Следующая остановка – Мингечаур,  молодой город на берегу водохранилища, образованного водами Куры. Как и в Яламе, еще одной азербайджанской турбазе на берегу на Каспийского моря, здесь больше всего меня неприятно поразило местное мужское население. Оно было абсолютно диким. Наше  появление на пляже вызвало у них странную  реакцию - свист, улюлюканье и  откровенное разглядывание белых женщин в купальниках. Их русский был так плох, будто не было многих десятилетий совместного проживания в одном государстве. После цивилизованных и очень неглупых армян, избаловавших нас своим гостеприимством и обходительностью,  находиться в обществе здешних местных было неприятно и даже боязно.
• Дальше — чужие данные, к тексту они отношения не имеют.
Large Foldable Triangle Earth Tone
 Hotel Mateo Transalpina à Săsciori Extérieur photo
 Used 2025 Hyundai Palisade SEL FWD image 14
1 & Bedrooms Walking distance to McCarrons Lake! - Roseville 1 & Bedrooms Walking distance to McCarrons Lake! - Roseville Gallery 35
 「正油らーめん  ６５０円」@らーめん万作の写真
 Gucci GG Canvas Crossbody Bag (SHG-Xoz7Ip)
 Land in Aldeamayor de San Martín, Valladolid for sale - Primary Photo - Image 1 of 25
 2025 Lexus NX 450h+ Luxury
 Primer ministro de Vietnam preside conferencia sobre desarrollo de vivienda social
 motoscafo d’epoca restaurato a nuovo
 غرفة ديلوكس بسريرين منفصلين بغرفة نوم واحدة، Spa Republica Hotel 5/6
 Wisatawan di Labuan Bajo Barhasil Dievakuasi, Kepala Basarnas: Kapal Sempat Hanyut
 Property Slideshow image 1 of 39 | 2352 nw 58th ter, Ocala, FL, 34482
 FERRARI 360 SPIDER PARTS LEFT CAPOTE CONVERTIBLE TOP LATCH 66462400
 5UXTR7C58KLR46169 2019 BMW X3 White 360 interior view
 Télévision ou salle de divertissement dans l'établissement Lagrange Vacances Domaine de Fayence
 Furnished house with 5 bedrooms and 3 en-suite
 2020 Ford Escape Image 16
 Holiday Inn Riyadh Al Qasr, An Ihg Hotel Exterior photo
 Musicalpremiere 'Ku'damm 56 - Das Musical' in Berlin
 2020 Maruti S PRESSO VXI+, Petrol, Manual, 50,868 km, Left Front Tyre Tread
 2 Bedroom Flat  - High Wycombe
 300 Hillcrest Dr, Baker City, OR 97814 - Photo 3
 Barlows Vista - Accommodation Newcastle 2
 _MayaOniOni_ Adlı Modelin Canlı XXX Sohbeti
Перед Баку мы еще раз пересекли границу с Россией и оказались в Дагестанском  городе Дербенте – на еще одной нашей территории, десятилетия спустя ставшей трагически известной всей России. От осмотра Дербента больше всего почему-то запомнилось одно только древнее кладбище на высокой горе - желтый каменистый склон, на много километров утыканный узкими черными, каменными плитами, некогда стоявшими  вертикально, а теперь, под действием времени и ветра наклонившиеся в одну сторону – словно черные зубы горы! Каждая такая плита, напоминающая мне древний менгир,  отмечала место захоронения одного человека. Ни клумб с цветами, ни ограды вокруг - только черный камень и на нем - имя. На этой горе и в наши дни дербентцы продолжают хоронить  своих близких.

Баку - город, где мы завершали свой маршрут, мне не понравился. Этот большой, оживленный и утопающий в розах город, с нефтяными вышками, торчащими прямо из воды Каспия, тем не менее не имел своего лица. В столице Азербайджана не чувствовалось ничего азербайджанского или хотя бы мусульманского: в основном  слышалась русская  речь,  а немногочисленные восточные мечети и строгие христианские каменные храмы негармонично выступали из типовых кварталов современных зданий.  Я не чувствовала собственного духа  города,  его лица, его  национального своеобразия.  Даже известная Девичья Башня, выстроенная в 12 веке, не произвела на меня впечатления.

Впрочем, все впечатления от увиденного целиком  зависят от нашего внутреннего состояния. В Баку мама сообщила мне по междугороднему телефону  тревожную новость: бабушка  в больнице и находится в очень плохом состоянии. После этого разговора все оставшиеся дни путешествия я жила в томительном ожидании  его завершения. Вскоре я, наконец,  вернулась домой, в свой родной и любимый город. Там меня ожидало долгое и, как мне тогда казалось,  самое тяжелое испытание моей жизни.